## Problem requirements:
In the records below, find the line containing "Apartments Mila Kaštela Esterno foto" and return it together with every later line, exactly as written; pictures are to be omitted.

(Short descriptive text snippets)

"""

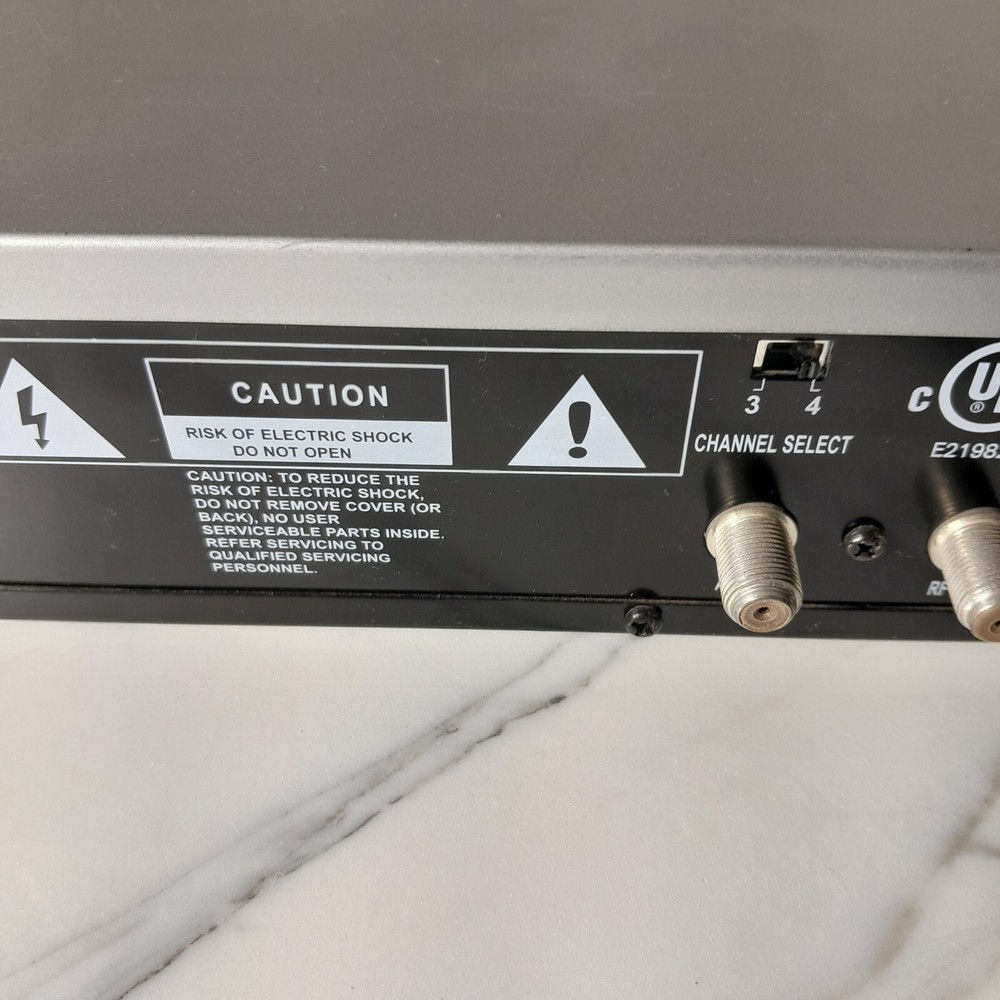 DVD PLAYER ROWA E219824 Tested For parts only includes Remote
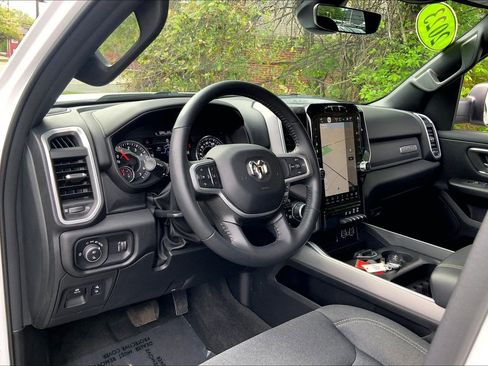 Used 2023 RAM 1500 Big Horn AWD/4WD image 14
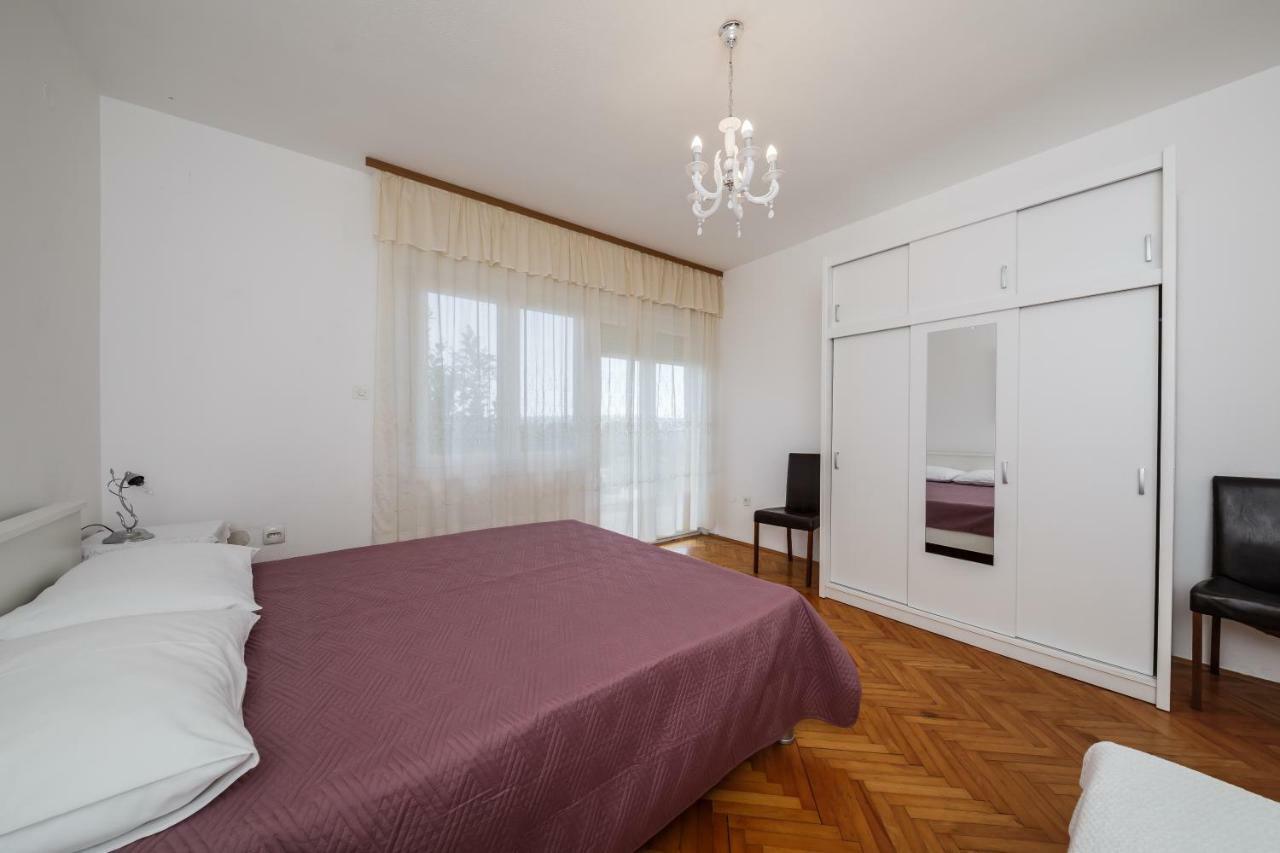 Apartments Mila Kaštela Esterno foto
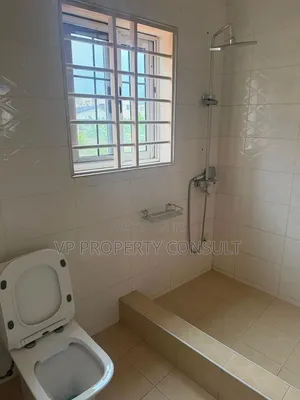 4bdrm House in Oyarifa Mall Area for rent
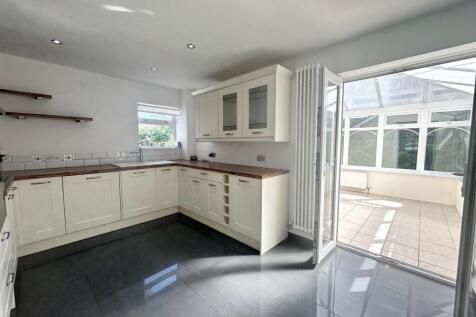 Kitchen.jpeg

"""

## Output of the task:
 Apartments Mila Kaštela Esterno foto
 4bdrm House in Oyarifa Mall Area for rent
 Kitchen.jpeg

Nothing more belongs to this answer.